_EXERCISE_.
Below is a block of entries, which should be copied verbatim apart from the pictures.

====== DATA IN THIS EXERCISE

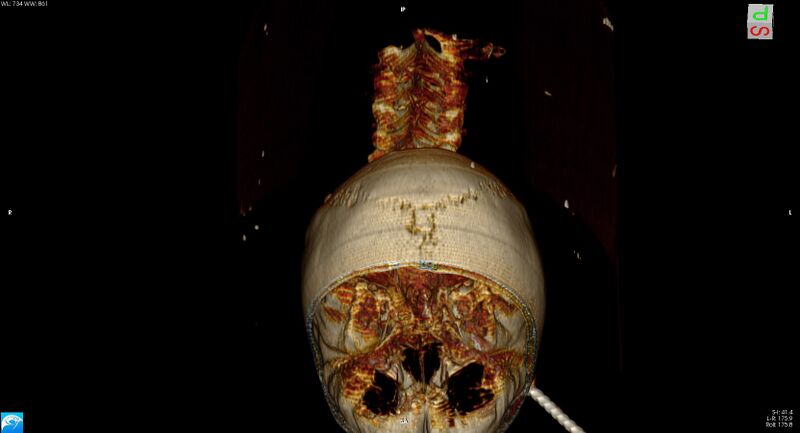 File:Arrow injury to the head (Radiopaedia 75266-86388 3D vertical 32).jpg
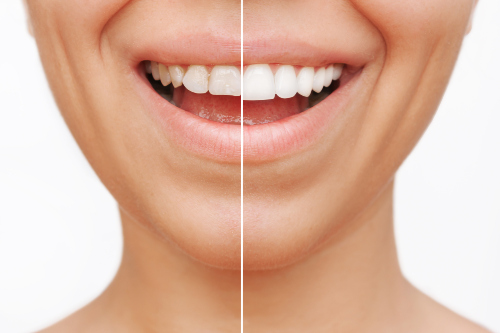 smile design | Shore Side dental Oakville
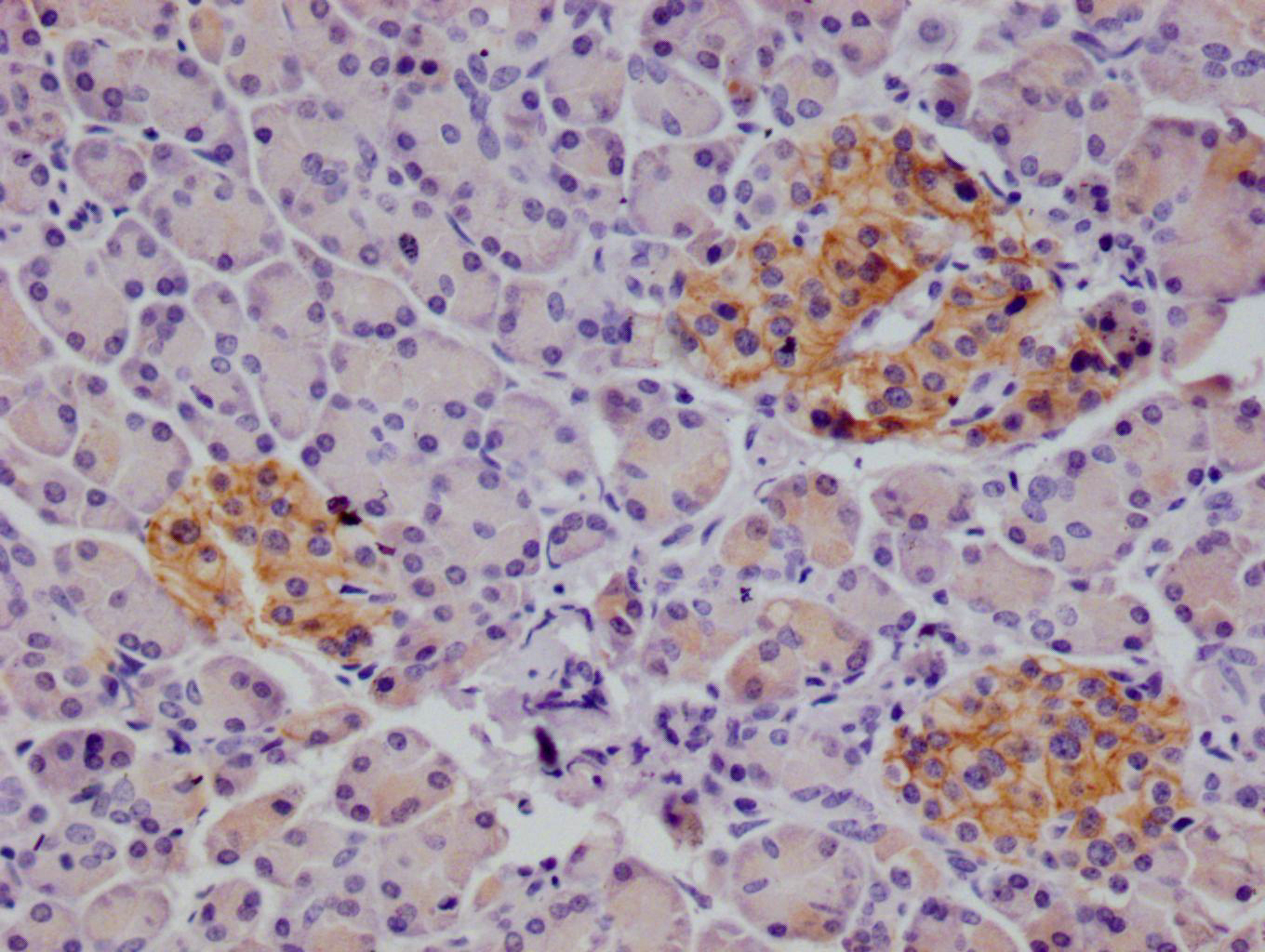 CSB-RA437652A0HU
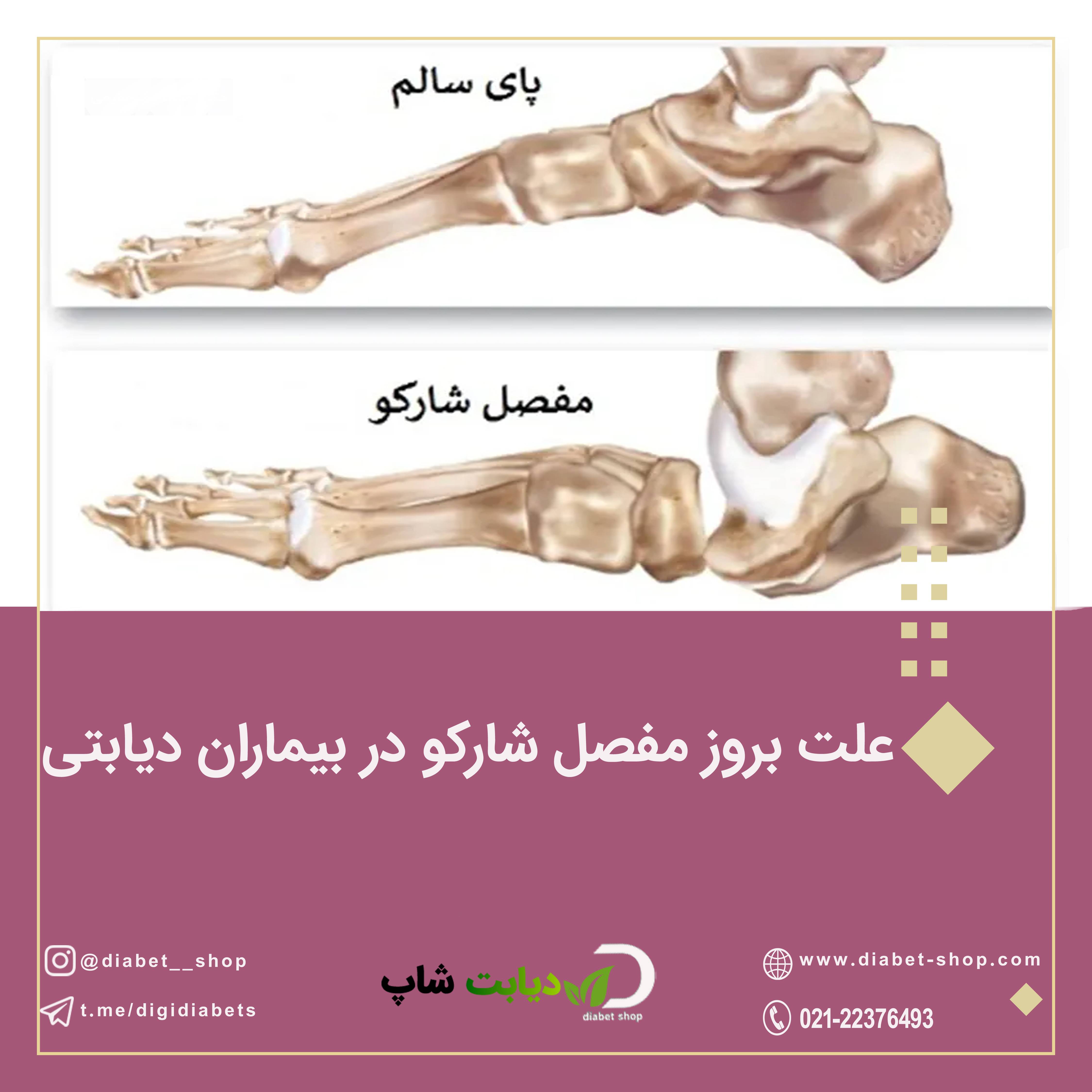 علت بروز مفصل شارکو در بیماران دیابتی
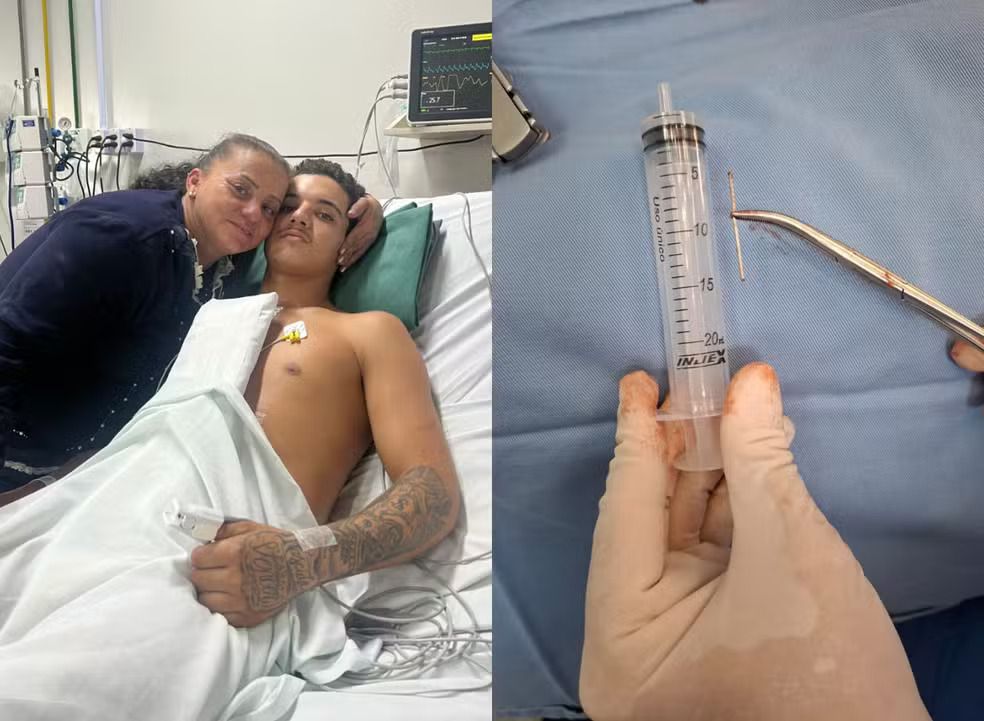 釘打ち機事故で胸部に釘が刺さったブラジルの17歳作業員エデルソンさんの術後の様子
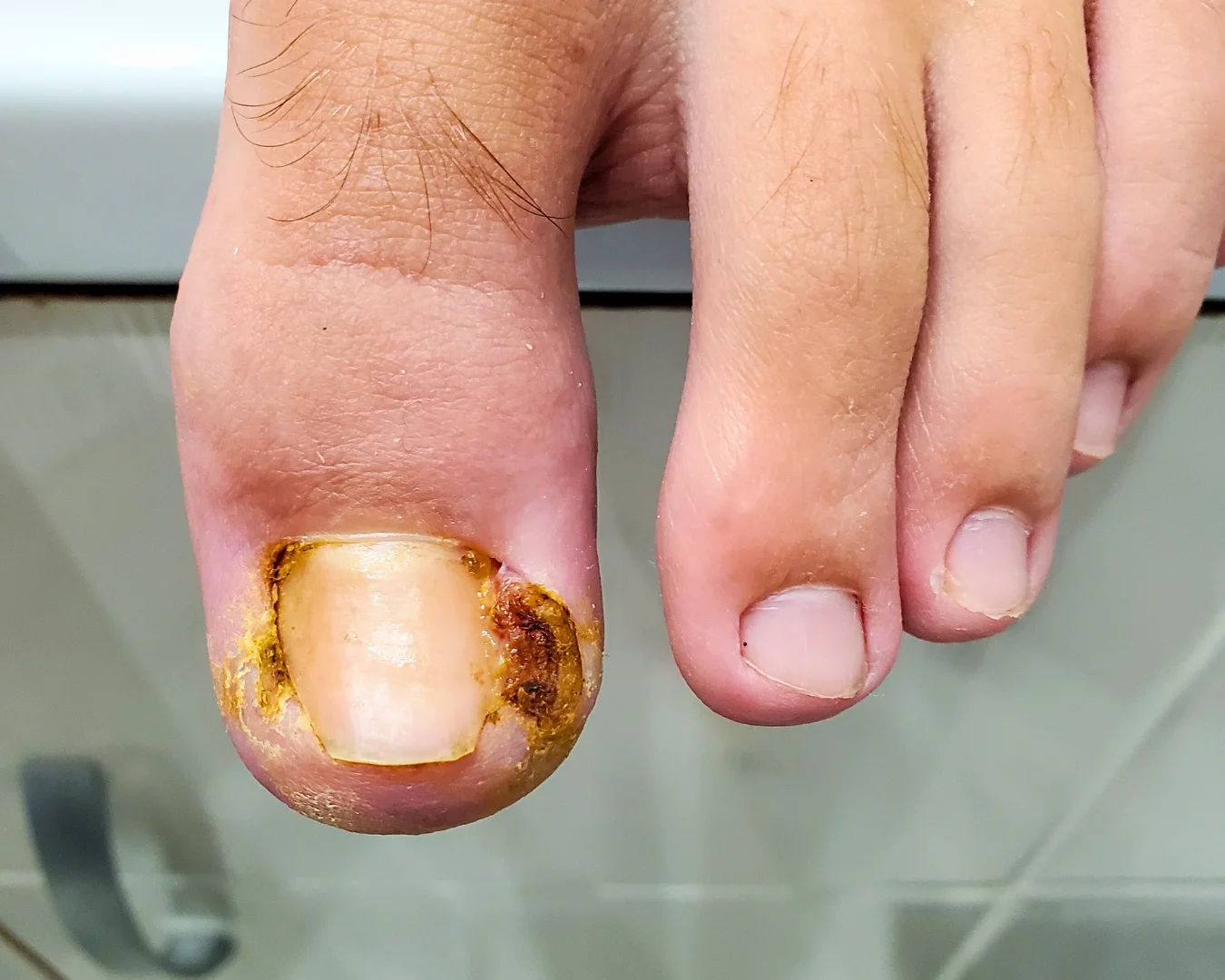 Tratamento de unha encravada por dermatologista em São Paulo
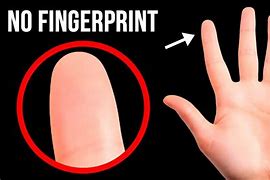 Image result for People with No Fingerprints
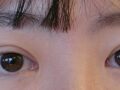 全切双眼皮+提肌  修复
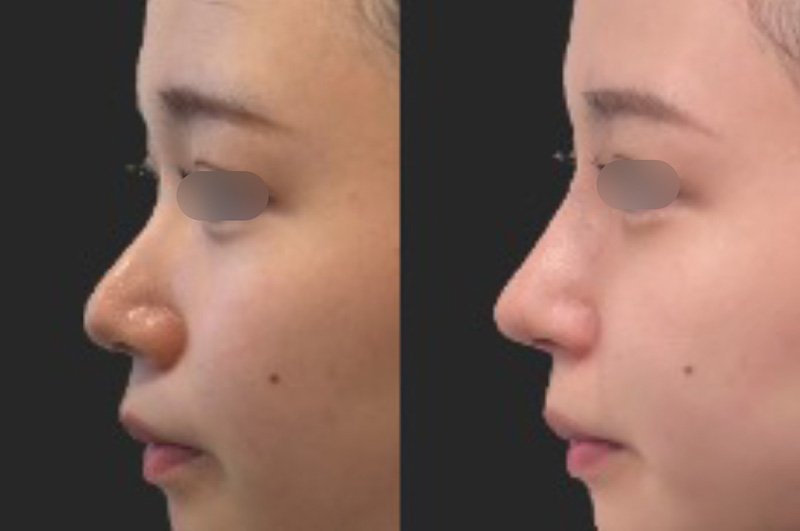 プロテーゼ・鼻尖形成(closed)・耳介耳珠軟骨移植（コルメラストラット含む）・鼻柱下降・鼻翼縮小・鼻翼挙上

============

_RESULT OF THE TASK_.
 File:Arrow injury to the head (Radiopaedia 75266-86388 3D vertical 32).jpg
 smile design | Shore Side dental Oakville
 CSB-RA437652A0HU
 علت بروز مفصل شارکو در بیماران دیابتی
 釘打ち機事故で胸部に釘が刺さったブラジルの17歳作業員エデルソンさんの術後の様子
 Tratamento de unha encravada por dermatologista em São Paulo
 Image result for People with No Fingerprints
 全切双眼皮+提肌  修复
 プロテーゼ・鼻尖形成(closed)・耳介耳珠軟骨移植（コルメラストラット含む）・鼻柱下降・鼻翼縮小・鼻翼挙上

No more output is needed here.